You’ll amass eighty push-ups (standard and diamond) upon completion of this workout. Assuming you performed them all with proper form, the pump, and the fatigue should be pretty apparent. Again, there is no time limit. Take breaks if you need them, but aim to complete a full round before resting.
- Any time you perform a push-up or any of its variations, keep your shoulders pulled down and back. A good way to cue this is while in a push-up position. Imagine trying to touch your rear belts to your tailbone.
- At the same time, engage your core by trying to tilt your hips towards your chest. This position should remain solid throughout the entire movement.
- Also, don’t flare your elbows during a pushup. It can harm your shoulders and waste your energy.
An entire workout built around your core might have you rolling your eyes or scrolling through to the next session — but this one is definitely worth exploring. You’ll be moving under control and with full-body tension, which means you’ll be preparing your body for long and heavy sets of deadlifts and squats. Even if you hate working on your core, the “Core Clock” is worth doing.
[Related: Everything You Need to Know to Build Your First Workout Program]
Imagine there is a large clock face drawn on the floor that you can fit inside of. Each number on the clock is the number of seconds or number of reps of a given movement you perform before moving to the next number.
Let’s use the plank as an example. Imagine you are in a plank. That’s the 12 o’clock position.
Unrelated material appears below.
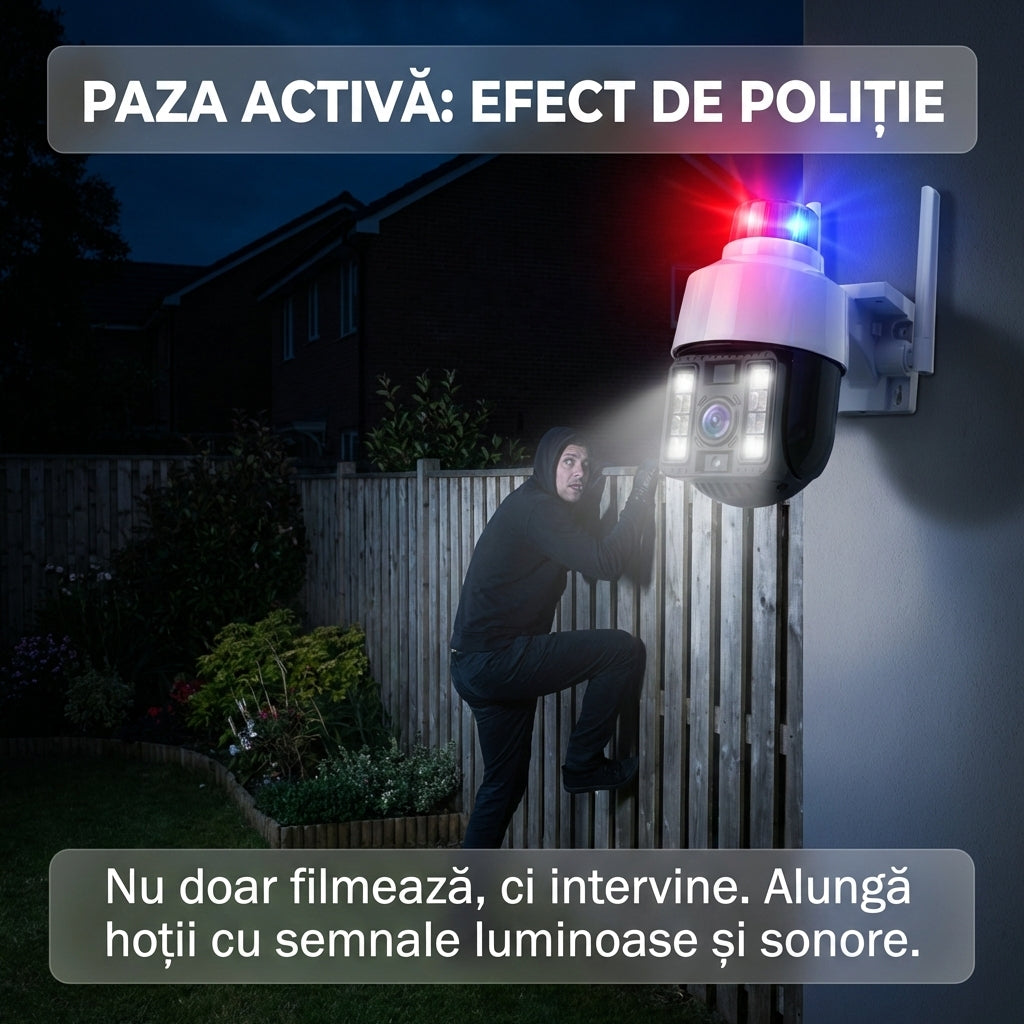 Cameră Supraveghere WiFi Exterior PTZ 5MP cu Sirenă Poliție și Girofar, Rotire 360°, Urmărire Automată, Night Vision Color, V380 Pro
Hold the plank there for 12 seconds, then while maintaining the plank, align your whole body so that your head is at the 1 o’clock position. Hold there for one second. Then move to the 2 o’clock position and hold for two seconds. Continue this until you have gone all the way around the clock. Going all the way around the clock is considered one “core clock.”
3 rounds of:
- “Core Clock” mountain climbers (one rep is a mountain climber with each leg)
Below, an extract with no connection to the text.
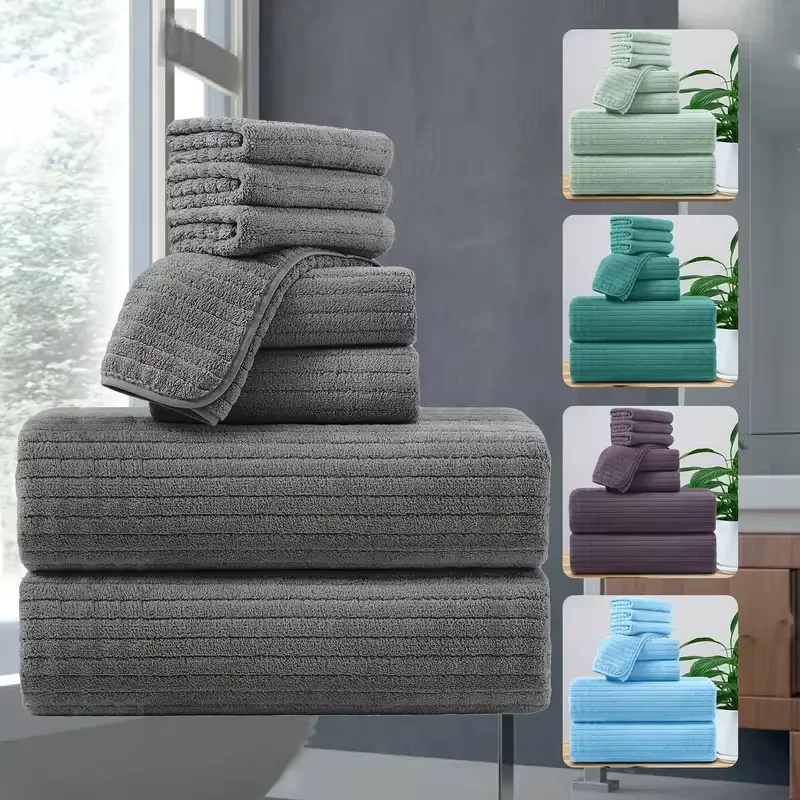 8Pcs Bath Towel Set- 4 Facial Cloths+2 Hand Towels+2 Bath Towels - Absorbent Quick Dry Washcloths Soft Shower Towel for Bathroom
- “Core Clock” plank to pikes (paper plates or socks under your feet can make it easier to slide if you don’t have core sliders)
- Rest two minutes
- “Core Clock” ab rollouts (if you don’t have an ab roller, paper plates or socks under your hands will work)
You’ll rest mid-round because core clocks are more difficult than they seem. You want to ensure that your core can stay engaged all the way through the movement. If you need additional breaks, use your lower back as the signal. When you feel your lower back caving, you know your core isn’t taut. If you can’t correct that, take a breather until you can and then continue.
- Don’t rush through these. Just because they’re called core clocks doesn’t mean you’re on one. Slow and controlled movements will be helpful here. Focus the engagement on your core on each rep.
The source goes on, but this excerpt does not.